Image-caption web data:
== == ==

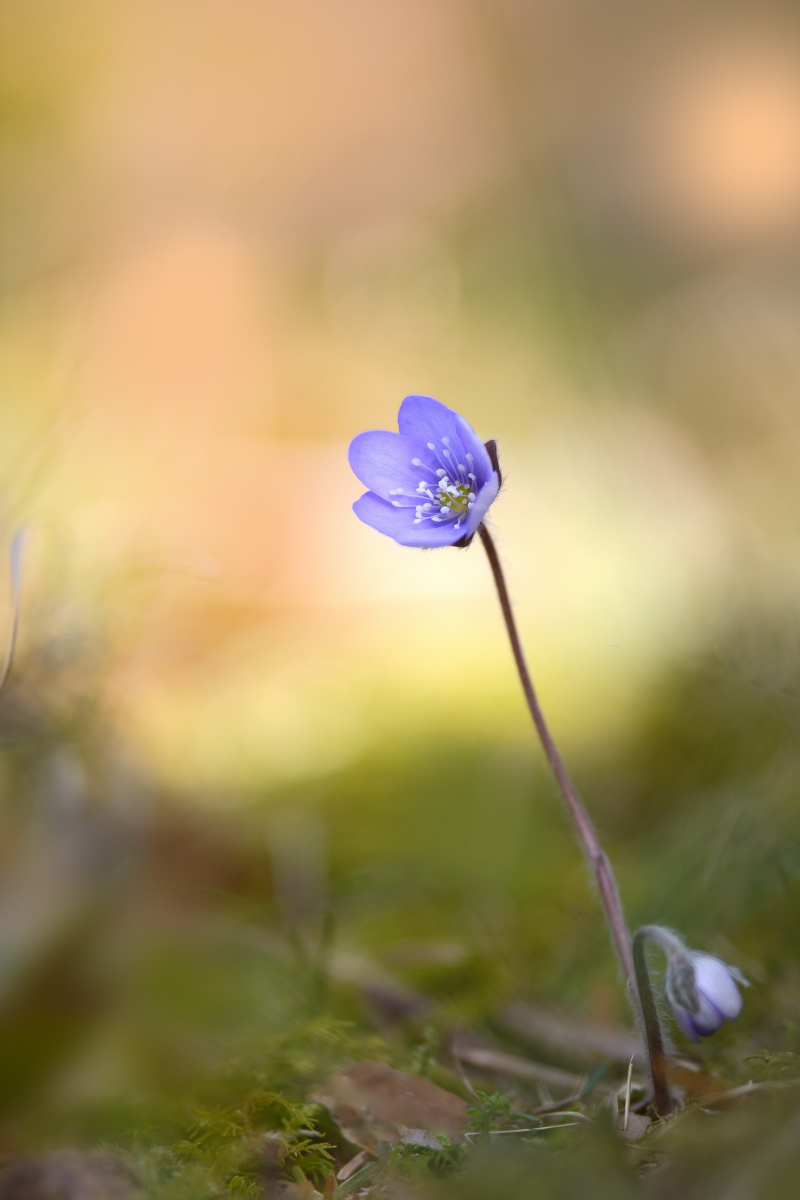 GW8_0890_20140225_1430klein.JPG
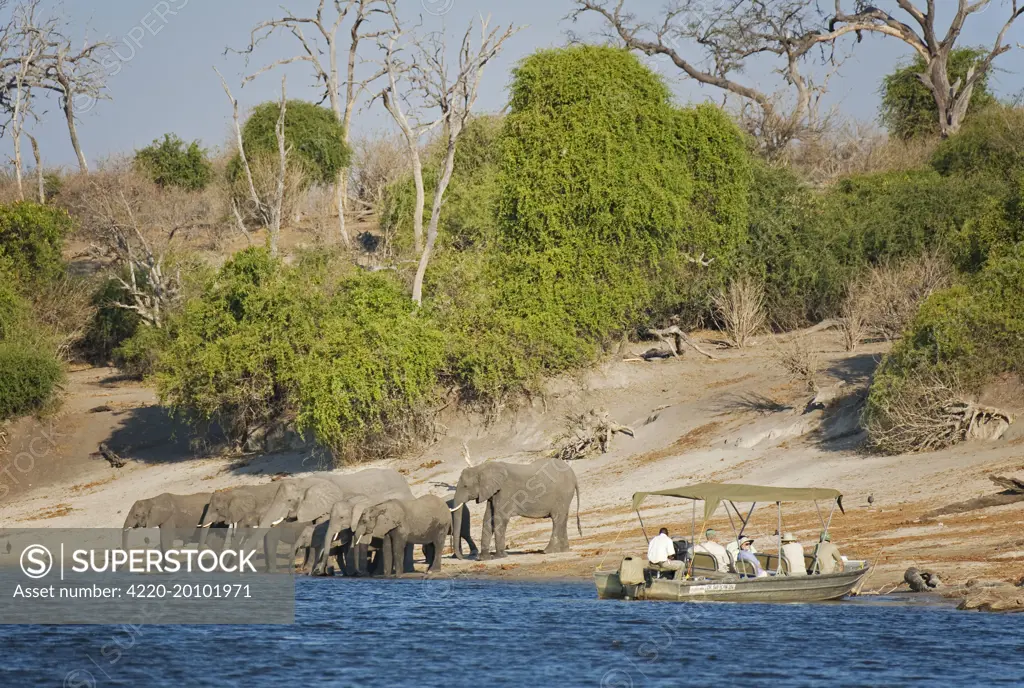 Tourists on a boat cruise on the Chobe River observe a breeding herd of African Elephants which are drinking at the river bank (Loxodonta africana). Chobe National Park - Botswana - Africa.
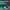 New Balance Casual Sneakers Pria green blue photo 3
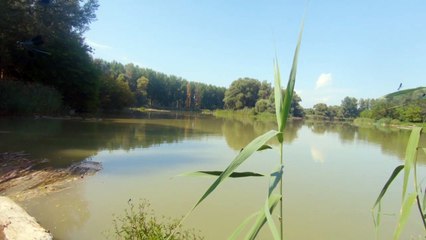 Natur pur! Kanufahrt Szigetköz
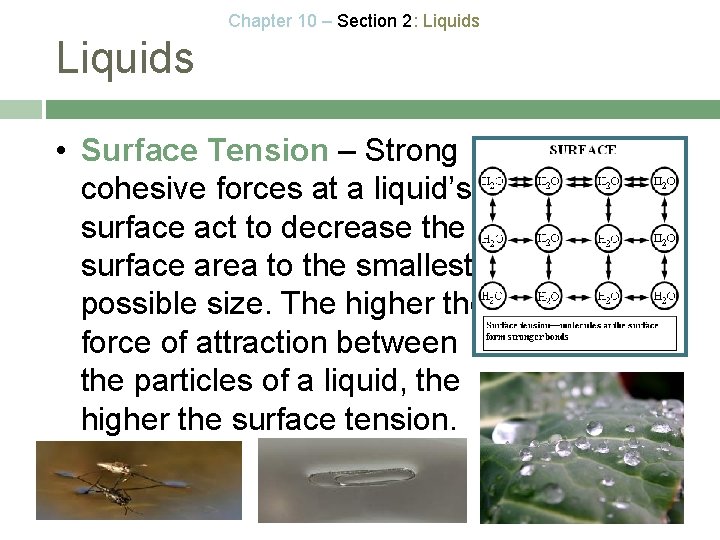 Chapter 10 – Section 2: Liquids • Surface Tension – Strong cohesive forces at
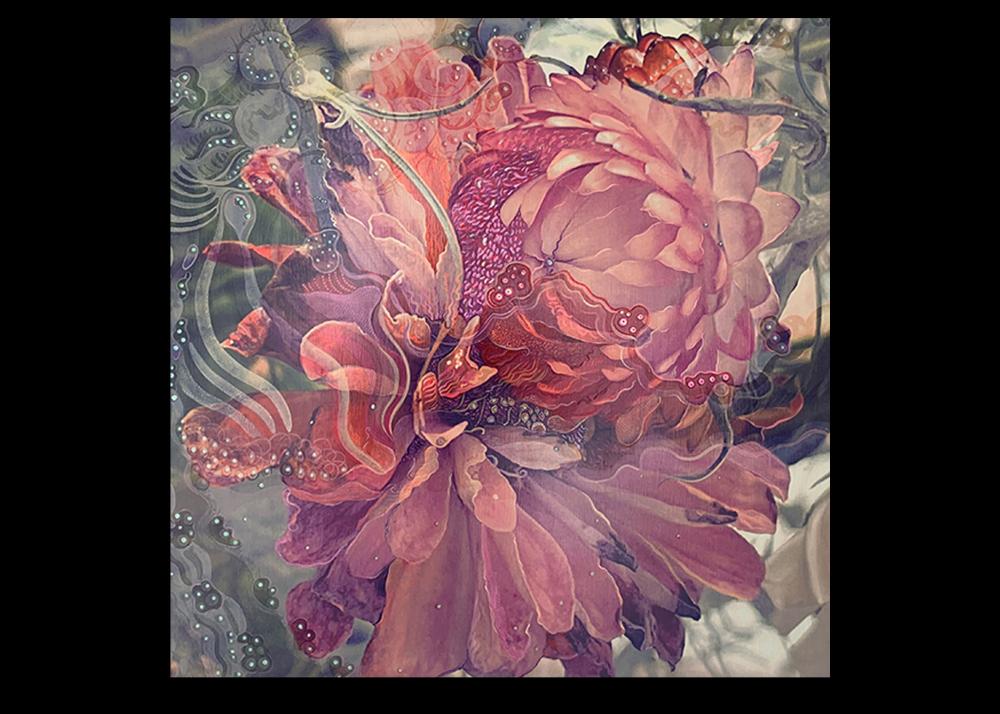 Kerrie Smith- Flora Ficciones-Priscilla Proteana.jpg Image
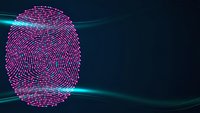 Digital fingerprint scan with glowing pink neon lines on dark blue background for cybersecurity and biometric authentication technology concepts.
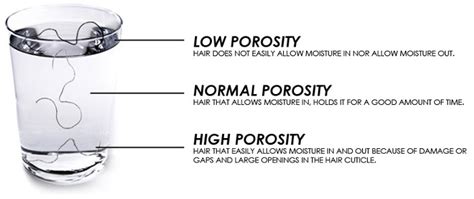 Low Porosity Hair – Best Products and Styling Tips | Shampoo Truth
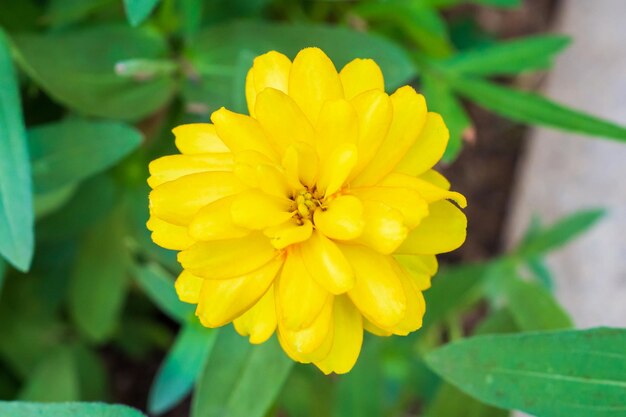 Schöne Zinnia-Blume im Garten aus nächster Nähe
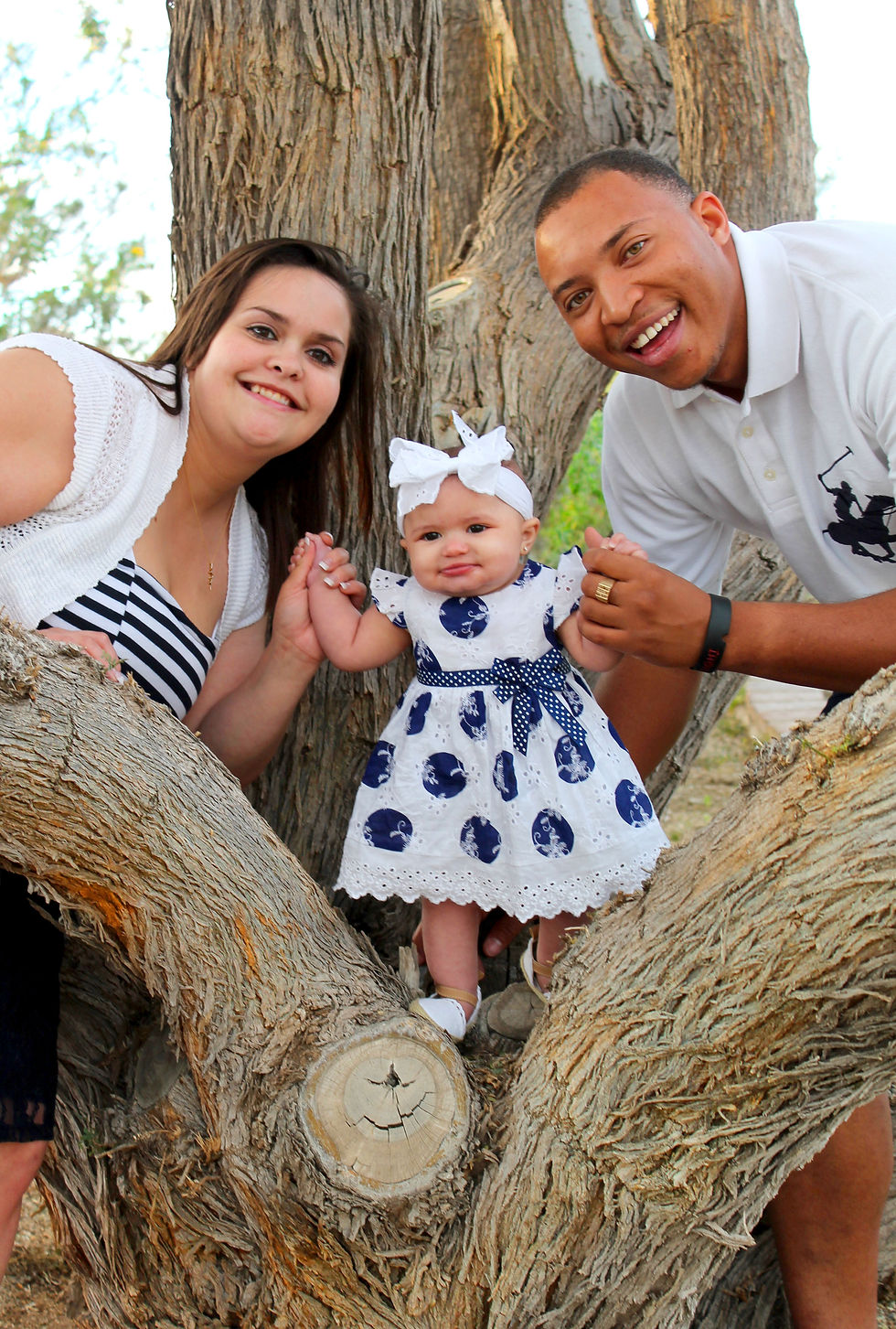 familytree.jpg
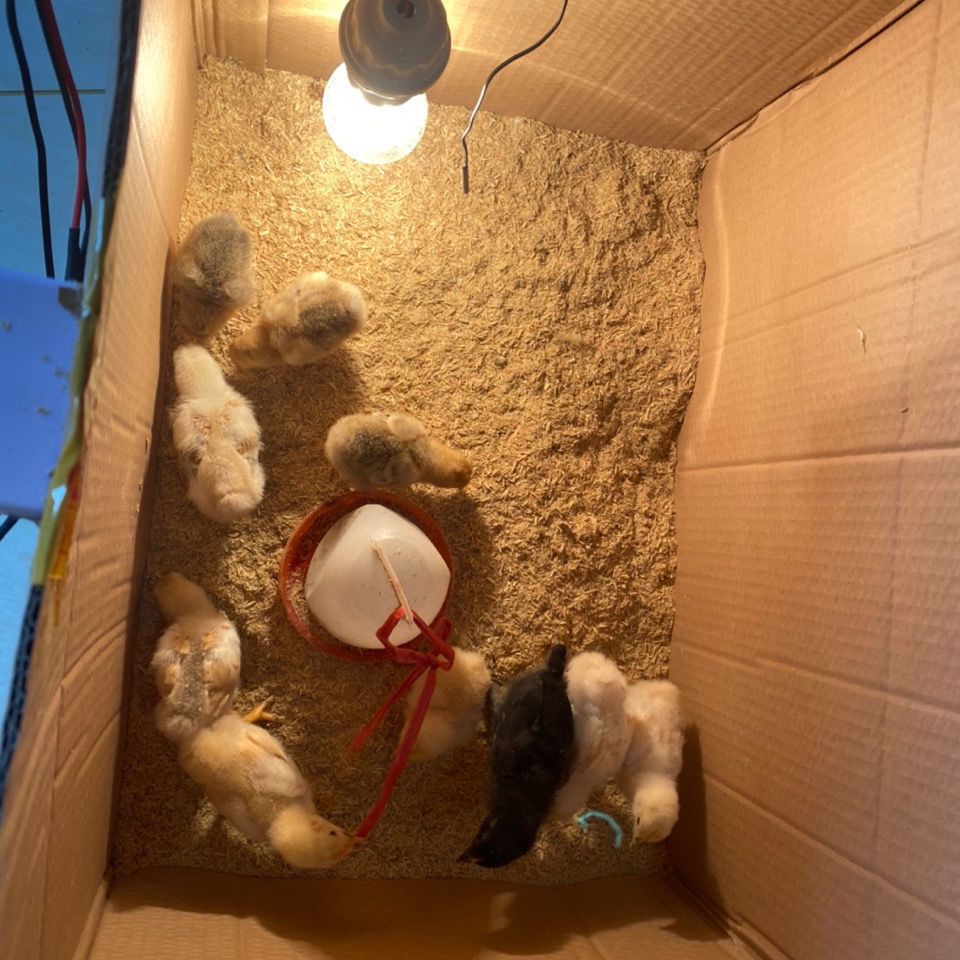 小鸡保温箱自动控温鹌鹑保温箱小鸟宠物育雏保温自动加热育雏设备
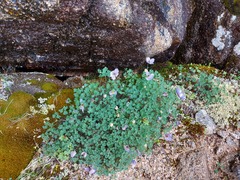 Paraquilegia microphylla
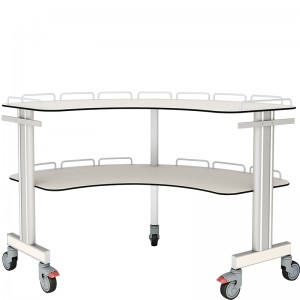 SKR-T01
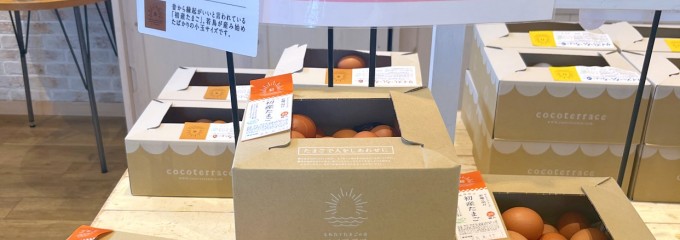 ココテラス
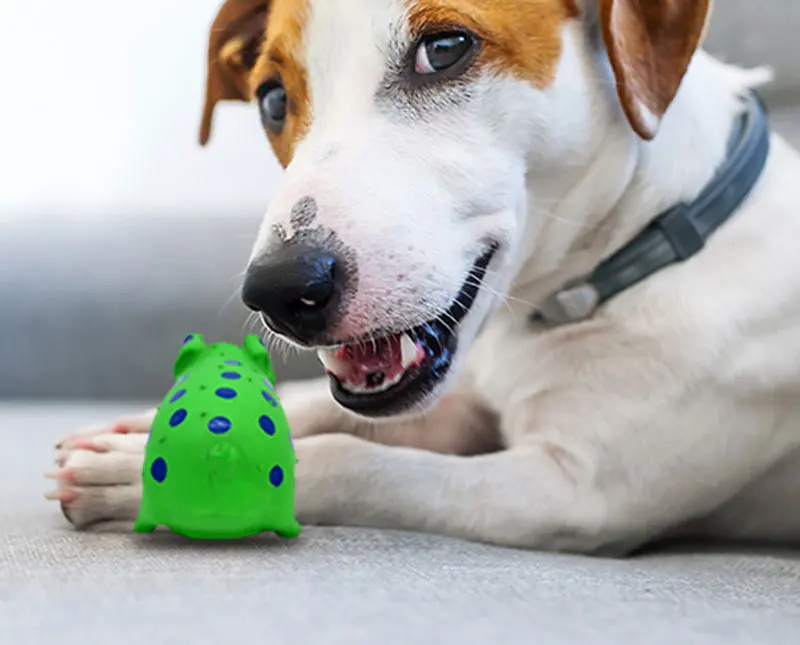 Lovely pig shapes ultra-durable Innovational Latex Chewing Dog Toys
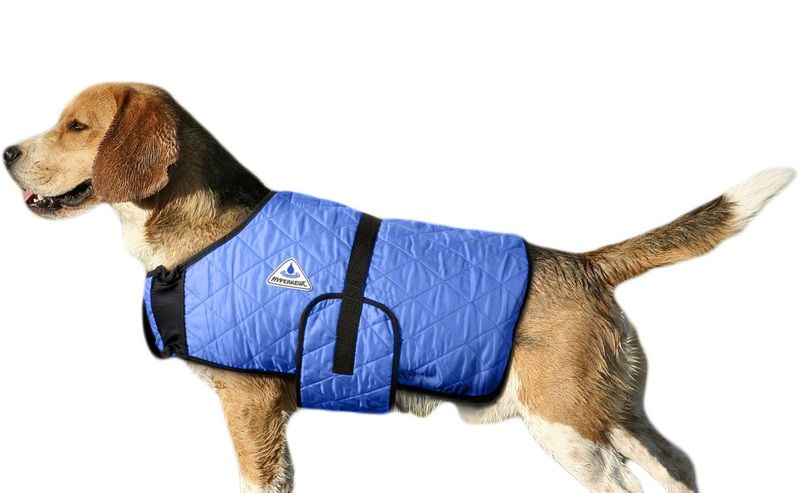 HyperKewl Evaporative Cooling Dog Coat: Blue, M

== == ==

In the records above, find the line that contains "familytree.jpg" and repeat exactly that line and all lines after it to the end. Do not include pictures.

 familytree.jpg
 小鸡保温箱自动控温鹌鹑保温箱小鸟宠物育雏保温自动加热育雏设备
 Paraquilegia microphylla
 SKR-T01
 ココテラス
 Lovely pig shapes ultra-durable Innovational Latex Chewing Dog Toys
 HyperKewl Evaporative Cooling Dog Coat: Blue, M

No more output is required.